Pressestimmen E. E. Cummings





Ein genaues Aushorchen und Abklopfen der Texte bringt bei Cummings Gewinn: ob es sich nun um konventionellere Gedichtformen handelt, die durch die Kohäsion von Metrik, gebundener Sprache und bildlicher Entwicklung in Bann schlagen, oder um die suggestiven, offenen Sprachgebilde, mit denen man diesen Dichter in erster Linie assoziiert. Zudem – auch deshalb darf man von schöpferischer Unordnung reden – treten durch die halb vom Alphabet diktierte, halb auch vom Herausgeber gesteuerte Konjektur Texte aus ganz unterschiedlichen Schaffensphasen des Dichters nebeneinander und öfters auch in reizvollen Dialog.
Weitere Freude bringt dann der Vergleich von Original und Übersetzung: streng in der disziplinierten Geste, der massgeschneiderten Knappheit des Sprachkleides, spielerisch, aber nie mutwillig im Umgang miteinander, präsentieren sich die beiden Fassungen wie eine Truppe von Trapezkünstlern, fliegend und bunt in der Höhe der Zirkuskuppel: ein Schauspiel, das bezaubert und den Atem verschlägt. (Angela Schader, Neue Zürcher Zeitung)


Er hat dem Gedicht seine alten Trachten vom Leib gerissen und unter Knittelvers, Elegie, Ode, Volksliedzeile die Materialschätze der Sprache ans Licht befördert. Edward Estlin Cummings ist die Portalfigur des literarischen Experiments in Amerika. Er entdeckte die vom Metrum gezähmte Kernkraft der Wörter, ihre der metaphorischen Rede geopferten Ausdrucksenergien, die Reichtümer ihrer rhythmischen Musik. Wo Schiller noch den Erdkreis schulterte, um die Glocke in die Welt zu setzen, ist Cummings einfach nur der Sekretär der Wörter, denen er die Initiative überlässt. [...]
Der metrisch reichen, aber rhythmisch armen Gedichtsprache, die er vorfand, begegnet er mit typographisch vielgestaltigen Feldkompositionen in auffällig naturnahen, die Wortteilchen zerstäubenden Rhythmen, rieselnd und regnend, zitternd, flutend oder tumultuarisch. Das Verb wird zum Ausgangspunkt des Beschleunigungsexperiments und ist auf Cummings’ Geschwindigkeitsskala der Gegenpol zur Statik des Nomens.
Sein poetisches Tonstudio stellt den Übersetzer vor Probleme, die jede einzelne Lösung als Bravourstück erscheinen lässt. Mirko Bonnés Querschnitt von Gedichten aus den Jahren zwischen 1923 und 1962 ergänzt Eva Hesses immer wieder neu aufgelegte und jüngst Lars Vollerts Auswahlbände bei Langewiesche-Brandt. Bei Bonné treten die experimentellen Texte hinter den traditionellen, strophisch gebundenen freien Versen zurück. Vor allem aber bezeugt der Band die lebenslange Auseinandersetzung des Dynamikers ausgerechnet mit der Formgrammatik des Sonetts, die den poetischen Fortgang an Wiederholungen bindet. Wo Cummings’ Wörterwelt ernstlich auf Sinn aus ist, lauert um die Ecke der Unsinn, der Jux, die Albernheit («why don't be silly»). Oder aber der Weg vom Ding zum Wort ist weit. Zweifelsfrei schließt das Wort das Ding nicht mehr auf. Wo dieser Wirklichkeitsvorbehalt fehlt, wo die Versrede simpel wird, ist das Nagen des Zahns der Zeit förmlich hörbar. (Sybille Cramer, Süddeutsche Zeitung)

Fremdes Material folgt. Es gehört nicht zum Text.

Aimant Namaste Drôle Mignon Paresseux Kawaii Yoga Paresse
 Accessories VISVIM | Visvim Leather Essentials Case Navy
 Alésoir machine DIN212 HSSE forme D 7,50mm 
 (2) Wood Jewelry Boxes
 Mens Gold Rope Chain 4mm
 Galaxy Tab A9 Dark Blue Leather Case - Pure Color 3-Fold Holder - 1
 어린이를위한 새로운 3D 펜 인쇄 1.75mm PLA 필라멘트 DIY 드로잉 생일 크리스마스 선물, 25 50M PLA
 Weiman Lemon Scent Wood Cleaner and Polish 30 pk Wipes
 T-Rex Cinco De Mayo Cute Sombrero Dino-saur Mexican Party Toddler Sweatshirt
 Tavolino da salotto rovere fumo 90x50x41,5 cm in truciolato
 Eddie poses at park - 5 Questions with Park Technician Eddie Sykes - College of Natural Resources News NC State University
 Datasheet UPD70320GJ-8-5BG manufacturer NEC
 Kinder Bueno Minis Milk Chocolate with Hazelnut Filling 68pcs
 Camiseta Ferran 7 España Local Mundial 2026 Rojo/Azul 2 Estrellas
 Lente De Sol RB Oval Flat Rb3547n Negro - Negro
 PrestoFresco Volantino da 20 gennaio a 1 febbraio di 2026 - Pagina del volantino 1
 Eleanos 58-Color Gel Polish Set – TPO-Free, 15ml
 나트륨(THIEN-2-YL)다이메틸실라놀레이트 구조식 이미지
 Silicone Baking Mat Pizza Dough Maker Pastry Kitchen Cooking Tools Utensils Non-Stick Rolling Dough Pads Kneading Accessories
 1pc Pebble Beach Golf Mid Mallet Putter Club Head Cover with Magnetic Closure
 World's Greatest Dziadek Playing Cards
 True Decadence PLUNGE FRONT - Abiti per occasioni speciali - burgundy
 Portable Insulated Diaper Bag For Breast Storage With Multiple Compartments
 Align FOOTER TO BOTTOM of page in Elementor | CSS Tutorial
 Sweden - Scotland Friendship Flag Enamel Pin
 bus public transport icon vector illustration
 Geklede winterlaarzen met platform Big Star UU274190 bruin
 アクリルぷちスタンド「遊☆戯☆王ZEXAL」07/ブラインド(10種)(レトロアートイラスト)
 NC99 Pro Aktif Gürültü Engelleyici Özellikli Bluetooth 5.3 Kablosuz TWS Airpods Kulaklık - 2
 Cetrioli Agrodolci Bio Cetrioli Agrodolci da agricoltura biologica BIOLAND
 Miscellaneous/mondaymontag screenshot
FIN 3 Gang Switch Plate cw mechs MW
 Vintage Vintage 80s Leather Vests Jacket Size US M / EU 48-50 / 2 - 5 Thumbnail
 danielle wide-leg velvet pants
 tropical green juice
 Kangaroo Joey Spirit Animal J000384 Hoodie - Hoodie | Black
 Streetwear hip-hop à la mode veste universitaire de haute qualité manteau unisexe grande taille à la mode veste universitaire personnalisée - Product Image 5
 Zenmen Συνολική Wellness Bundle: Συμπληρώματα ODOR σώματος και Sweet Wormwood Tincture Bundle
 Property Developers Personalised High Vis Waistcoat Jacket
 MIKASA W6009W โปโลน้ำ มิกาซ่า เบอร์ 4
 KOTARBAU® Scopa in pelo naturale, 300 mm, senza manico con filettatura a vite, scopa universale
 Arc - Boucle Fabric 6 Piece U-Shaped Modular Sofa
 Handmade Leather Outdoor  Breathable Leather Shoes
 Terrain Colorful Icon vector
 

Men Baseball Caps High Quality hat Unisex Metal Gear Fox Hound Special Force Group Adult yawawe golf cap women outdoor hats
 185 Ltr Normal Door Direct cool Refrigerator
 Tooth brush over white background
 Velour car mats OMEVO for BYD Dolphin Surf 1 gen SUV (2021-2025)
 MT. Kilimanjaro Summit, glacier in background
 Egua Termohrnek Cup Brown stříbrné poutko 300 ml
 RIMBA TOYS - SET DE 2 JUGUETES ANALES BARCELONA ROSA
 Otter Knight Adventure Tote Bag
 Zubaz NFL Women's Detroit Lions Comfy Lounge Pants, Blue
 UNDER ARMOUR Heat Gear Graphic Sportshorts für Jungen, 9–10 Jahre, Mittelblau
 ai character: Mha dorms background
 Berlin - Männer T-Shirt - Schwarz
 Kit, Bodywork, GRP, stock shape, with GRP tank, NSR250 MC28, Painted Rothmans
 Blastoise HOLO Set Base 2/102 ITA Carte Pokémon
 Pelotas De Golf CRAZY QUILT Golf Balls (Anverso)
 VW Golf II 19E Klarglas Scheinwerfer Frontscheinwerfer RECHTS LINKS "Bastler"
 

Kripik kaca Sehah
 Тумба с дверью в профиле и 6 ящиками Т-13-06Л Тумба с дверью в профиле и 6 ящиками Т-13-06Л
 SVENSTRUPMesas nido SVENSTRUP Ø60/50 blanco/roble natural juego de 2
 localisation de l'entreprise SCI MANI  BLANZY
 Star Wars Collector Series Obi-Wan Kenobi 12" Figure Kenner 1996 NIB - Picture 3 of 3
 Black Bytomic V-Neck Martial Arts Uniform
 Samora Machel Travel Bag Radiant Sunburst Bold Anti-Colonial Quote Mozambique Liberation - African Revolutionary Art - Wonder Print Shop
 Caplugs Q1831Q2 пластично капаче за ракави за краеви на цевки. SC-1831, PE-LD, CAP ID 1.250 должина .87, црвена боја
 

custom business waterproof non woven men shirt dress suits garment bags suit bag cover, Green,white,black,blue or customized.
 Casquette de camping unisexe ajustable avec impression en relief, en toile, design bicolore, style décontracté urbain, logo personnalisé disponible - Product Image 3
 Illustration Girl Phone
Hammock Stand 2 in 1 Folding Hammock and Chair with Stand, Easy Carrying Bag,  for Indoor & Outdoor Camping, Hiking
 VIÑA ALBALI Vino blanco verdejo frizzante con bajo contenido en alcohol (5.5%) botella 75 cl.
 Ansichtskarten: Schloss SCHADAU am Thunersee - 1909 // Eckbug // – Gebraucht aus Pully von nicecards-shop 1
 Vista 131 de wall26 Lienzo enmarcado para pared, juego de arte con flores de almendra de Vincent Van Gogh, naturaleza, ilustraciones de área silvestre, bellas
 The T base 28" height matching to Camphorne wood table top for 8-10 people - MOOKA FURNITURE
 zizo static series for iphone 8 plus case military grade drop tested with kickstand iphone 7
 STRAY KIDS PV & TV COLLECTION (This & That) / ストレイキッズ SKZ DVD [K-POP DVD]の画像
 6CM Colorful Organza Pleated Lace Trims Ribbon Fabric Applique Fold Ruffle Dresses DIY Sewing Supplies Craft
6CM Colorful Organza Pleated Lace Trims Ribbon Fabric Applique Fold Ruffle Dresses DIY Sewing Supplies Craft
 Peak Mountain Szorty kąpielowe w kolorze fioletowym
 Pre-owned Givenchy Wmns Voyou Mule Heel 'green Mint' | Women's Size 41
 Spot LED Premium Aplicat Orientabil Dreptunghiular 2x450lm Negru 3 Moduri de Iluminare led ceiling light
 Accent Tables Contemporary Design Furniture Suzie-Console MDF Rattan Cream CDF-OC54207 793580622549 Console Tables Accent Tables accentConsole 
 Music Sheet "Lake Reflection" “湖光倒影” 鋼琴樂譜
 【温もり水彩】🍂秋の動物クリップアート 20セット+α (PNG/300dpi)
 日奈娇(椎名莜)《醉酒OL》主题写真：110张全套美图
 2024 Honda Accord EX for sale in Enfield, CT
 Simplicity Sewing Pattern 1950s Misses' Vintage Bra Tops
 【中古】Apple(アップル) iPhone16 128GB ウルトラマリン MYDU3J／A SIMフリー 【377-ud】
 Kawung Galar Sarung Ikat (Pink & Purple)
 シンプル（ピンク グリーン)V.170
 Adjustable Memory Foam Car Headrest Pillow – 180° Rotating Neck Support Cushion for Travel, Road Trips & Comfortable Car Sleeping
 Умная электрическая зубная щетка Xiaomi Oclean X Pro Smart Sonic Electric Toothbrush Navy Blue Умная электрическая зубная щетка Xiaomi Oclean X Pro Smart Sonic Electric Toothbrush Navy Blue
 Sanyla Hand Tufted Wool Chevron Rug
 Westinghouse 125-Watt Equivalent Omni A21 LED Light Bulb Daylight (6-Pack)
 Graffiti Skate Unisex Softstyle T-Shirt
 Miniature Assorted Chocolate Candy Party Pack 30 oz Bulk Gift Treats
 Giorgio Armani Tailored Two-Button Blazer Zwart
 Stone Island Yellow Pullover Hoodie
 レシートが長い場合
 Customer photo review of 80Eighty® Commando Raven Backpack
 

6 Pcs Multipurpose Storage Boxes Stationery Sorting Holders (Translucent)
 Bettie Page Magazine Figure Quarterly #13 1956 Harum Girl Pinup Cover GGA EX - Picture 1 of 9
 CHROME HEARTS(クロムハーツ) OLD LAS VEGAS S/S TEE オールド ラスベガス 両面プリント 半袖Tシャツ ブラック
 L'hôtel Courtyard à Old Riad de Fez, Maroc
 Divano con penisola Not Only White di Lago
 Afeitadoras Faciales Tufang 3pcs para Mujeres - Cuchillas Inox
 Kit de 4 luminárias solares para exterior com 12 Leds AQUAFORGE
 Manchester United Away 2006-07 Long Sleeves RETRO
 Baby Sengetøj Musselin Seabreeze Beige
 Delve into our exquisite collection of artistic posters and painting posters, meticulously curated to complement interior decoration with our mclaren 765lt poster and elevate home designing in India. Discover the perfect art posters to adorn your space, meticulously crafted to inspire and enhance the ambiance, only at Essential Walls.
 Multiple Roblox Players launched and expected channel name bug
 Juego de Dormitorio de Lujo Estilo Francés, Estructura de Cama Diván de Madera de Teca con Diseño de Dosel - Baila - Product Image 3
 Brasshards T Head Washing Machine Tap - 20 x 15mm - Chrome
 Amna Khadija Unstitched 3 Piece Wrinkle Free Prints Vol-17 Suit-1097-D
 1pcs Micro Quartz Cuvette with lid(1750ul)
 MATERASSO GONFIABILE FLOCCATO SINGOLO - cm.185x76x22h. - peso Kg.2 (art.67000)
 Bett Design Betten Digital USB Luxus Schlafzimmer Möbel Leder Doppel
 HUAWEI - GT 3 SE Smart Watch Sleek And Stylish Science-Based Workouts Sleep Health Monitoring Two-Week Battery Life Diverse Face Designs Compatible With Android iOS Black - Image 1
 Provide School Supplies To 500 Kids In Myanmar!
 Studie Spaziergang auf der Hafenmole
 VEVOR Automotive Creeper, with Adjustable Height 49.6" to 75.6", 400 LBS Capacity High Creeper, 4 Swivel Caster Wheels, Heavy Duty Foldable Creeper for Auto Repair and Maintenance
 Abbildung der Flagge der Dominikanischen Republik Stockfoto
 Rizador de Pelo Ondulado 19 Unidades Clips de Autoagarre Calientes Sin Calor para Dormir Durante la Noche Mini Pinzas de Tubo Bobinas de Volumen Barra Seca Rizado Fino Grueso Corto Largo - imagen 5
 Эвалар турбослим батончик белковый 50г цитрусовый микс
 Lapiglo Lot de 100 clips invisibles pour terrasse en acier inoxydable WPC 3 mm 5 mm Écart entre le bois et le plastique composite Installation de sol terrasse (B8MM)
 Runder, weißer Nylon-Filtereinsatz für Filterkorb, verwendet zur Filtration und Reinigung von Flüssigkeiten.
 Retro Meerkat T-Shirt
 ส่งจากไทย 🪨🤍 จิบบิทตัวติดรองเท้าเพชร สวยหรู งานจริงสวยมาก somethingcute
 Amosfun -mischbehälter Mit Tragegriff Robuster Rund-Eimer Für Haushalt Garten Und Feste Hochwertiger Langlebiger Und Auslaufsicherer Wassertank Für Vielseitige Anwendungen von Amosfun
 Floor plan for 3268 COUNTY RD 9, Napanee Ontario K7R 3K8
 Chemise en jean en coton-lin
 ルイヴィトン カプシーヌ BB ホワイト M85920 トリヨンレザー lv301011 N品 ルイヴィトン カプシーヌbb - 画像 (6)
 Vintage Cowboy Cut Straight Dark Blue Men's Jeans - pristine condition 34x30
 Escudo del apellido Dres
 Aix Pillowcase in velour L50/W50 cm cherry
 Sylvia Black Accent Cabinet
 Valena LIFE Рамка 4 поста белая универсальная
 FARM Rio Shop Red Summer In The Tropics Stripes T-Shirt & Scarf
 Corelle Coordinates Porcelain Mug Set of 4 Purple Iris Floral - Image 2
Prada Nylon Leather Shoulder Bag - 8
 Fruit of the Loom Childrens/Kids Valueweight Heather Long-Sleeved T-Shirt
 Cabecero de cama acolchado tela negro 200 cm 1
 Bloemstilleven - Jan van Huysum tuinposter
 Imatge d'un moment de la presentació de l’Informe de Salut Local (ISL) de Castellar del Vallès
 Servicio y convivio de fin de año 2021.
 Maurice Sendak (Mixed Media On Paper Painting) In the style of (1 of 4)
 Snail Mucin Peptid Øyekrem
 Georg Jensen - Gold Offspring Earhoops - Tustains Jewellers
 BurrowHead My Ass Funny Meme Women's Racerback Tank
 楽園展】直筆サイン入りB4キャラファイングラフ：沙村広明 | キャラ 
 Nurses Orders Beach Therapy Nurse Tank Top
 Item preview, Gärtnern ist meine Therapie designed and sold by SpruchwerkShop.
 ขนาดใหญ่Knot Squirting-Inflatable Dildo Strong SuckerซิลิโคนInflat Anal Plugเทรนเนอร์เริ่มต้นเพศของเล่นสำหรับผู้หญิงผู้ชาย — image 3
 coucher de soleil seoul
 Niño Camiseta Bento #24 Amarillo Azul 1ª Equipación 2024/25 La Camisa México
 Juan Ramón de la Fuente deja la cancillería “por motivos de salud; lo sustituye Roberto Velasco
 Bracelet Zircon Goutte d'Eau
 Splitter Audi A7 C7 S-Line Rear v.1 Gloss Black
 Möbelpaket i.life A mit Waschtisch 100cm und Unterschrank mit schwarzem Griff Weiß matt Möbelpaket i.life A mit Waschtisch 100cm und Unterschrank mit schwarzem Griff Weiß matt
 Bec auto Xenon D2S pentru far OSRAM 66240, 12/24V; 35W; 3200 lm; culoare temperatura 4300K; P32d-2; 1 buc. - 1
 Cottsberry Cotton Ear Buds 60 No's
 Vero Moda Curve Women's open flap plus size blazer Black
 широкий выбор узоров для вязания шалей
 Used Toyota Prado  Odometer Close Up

Die herkömmliche Form des Reims, geradliniges, den Sinn entfaltendes Schreiben, den Effekt fliessender Zusammenhänge sucht man bei ihm vergeblich. Stattdessen: Grossbuchstaben am Beginn jeder Zeile, invers angeordnete Worte, zersprengte Worte, aufgelöste Zeile. Cummings setzt seine Realitätszeichen oppositionell zur Konvention sprachlicher Ordnungssysteme, Satzgefüge, Denkstrukturen. Er atomisiert das Gedicht. In seinen typografischen Feldkompositionen, explosionsartig aufgesprengten und in synkopischen Stolperrhythmen über das Blatt geworfenen, hochaufgelösten lyrischen Sinngebilden löst er die Schwere des Wirklichen, die starre Bestimmtheit der Wortdinge, die Konventionen der Verständigungssprache in den mobilen Äther seiner präverbalen Wortimpulse, in Morpheme und Phoneme auf. [...]
Daneben entfaltete er ein breites Ausdrucksspektrum zwischen offenem Vers und gebundenem Gedicht, namentlich dem formstrengen Sonett, das er intensiv, intensiv dekonstruierend, pflegte. «39 Alphabetisch» versammelt 39 vorzüglich übersetzte Gedichte aus dreizehn Gedichtbänden, die einen immer wieder vor- und zurückspringenden Längsschnitt durch das lyrische Gesamtwerk legen, vom ersten Gedicht aus «Tulips und Chimneys» (1923) bis zu dem aus dem Nachlass stammenden dritten der «Späten Gedichte». Er blieb sich selber treu, blieb zeitlebens der Neutöner in seinem Labor. (Sibylle Cramer, Basler Zeitung)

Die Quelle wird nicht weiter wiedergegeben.